Problem to work on –
The expected output is the first line of the data below and every line after it, up to and including the line containing "di810 5个 do820一【落红设备】", each reproduced exactly.

Scraped caption text data
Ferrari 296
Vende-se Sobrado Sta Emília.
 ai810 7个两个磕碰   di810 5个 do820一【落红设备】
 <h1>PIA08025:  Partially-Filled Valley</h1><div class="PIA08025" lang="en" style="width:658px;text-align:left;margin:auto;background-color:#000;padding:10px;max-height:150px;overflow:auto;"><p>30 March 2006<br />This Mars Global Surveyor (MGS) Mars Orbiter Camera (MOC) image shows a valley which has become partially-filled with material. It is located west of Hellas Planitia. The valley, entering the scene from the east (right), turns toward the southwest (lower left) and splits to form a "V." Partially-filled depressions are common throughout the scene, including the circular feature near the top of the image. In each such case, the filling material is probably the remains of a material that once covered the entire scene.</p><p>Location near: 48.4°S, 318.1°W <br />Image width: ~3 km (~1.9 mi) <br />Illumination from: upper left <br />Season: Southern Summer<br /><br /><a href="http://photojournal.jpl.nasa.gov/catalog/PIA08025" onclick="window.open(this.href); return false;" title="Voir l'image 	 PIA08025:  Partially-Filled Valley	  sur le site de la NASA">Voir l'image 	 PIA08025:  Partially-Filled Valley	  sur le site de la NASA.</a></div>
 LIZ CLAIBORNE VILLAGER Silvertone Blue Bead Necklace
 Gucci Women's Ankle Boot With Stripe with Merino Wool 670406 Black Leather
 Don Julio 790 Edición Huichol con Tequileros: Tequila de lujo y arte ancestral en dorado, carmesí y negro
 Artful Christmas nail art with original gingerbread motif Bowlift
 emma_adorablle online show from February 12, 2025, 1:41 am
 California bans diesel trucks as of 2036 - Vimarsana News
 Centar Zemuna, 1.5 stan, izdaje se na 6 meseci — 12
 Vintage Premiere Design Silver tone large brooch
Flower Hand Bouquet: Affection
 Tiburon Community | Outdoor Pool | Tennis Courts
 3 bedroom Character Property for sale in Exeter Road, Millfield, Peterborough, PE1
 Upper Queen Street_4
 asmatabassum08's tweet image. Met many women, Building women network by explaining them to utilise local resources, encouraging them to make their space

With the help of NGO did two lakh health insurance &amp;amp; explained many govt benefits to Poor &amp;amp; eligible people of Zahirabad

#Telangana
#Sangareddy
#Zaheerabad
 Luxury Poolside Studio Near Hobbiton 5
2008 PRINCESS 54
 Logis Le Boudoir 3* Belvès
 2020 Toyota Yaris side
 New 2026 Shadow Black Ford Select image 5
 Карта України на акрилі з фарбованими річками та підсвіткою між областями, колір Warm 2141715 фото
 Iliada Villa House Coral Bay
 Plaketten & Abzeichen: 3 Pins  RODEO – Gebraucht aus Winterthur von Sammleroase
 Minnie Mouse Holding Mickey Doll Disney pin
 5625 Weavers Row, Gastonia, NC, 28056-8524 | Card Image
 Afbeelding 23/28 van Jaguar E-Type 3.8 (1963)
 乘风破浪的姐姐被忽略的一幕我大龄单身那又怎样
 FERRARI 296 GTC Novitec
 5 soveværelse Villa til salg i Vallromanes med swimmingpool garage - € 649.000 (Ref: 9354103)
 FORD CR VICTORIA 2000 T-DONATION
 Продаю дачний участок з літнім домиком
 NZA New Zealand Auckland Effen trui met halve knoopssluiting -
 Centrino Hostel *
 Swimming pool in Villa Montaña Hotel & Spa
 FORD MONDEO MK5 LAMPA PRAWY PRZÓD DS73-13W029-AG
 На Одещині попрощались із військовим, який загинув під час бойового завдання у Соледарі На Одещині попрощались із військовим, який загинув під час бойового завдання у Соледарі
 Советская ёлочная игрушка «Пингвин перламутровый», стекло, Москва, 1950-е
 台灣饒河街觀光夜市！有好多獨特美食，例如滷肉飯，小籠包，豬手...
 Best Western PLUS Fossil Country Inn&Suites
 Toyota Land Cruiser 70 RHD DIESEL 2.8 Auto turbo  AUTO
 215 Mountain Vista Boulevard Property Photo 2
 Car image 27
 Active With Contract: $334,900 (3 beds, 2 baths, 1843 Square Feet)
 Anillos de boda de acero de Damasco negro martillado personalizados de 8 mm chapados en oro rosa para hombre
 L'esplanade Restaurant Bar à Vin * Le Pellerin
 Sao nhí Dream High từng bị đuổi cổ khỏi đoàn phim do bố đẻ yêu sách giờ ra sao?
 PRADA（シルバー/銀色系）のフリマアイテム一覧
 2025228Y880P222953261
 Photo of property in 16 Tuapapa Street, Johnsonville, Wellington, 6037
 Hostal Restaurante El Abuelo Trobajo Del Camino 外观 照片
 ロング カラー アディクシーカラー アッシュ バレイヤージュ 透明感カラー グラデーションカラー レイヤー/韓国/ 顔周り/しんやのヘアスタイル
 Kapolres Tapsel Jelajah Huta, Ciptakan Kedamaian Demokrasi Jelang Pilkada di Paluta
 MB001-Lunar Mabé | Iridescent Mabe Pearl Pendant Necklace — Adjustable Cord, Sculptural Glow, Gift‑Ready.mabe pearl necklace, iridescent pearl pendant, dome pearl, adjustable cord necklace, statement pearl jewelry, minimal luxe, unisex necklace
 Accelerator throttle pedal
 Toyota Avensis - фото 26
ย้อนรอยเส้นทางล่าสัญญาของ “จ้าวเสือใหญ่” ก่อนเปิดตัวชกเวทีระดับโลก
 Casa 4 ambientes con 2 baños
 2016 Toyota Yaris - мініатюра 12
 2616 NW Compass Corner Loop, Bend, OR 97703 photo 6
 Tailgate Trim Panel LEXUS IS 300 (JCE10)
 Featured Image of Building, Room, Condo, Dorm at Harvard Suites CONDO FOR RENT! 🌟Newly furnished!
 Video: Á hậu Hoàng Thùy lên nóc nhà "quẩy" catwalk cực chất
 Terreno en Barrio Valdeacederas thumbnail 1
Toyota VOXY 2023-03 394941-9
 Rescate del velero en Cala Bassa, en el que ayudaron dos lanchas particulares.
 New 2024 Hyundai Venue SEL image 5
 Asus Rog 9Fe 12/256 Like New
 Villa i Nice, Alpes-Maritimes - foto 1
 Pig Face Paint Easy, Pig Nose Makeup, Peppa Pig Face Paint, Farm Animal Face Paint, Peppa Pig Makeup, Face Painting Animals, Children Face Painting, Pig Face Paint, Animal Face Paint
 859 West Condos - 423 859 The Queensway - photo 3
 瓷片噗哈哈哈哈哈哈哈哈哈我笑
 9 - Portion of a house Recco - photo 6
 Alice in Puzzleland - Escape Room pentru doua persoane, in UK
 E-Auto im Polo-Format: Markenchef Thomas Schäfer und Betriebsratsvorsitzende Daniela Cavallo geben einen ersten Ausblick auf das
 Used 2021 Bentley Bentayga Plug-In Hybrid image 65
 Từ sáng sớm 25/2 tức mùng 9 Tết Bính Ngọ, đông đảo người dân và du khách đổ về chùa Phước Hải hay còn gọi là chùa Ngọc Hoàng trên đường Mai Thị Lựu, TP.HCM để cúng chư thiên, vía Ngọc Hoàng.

Reply –
Ferrari 296
Vende-se Sobrado Sta Emília.
 ai810 7个两个磕碰   di810 5个 do820一【落红设备】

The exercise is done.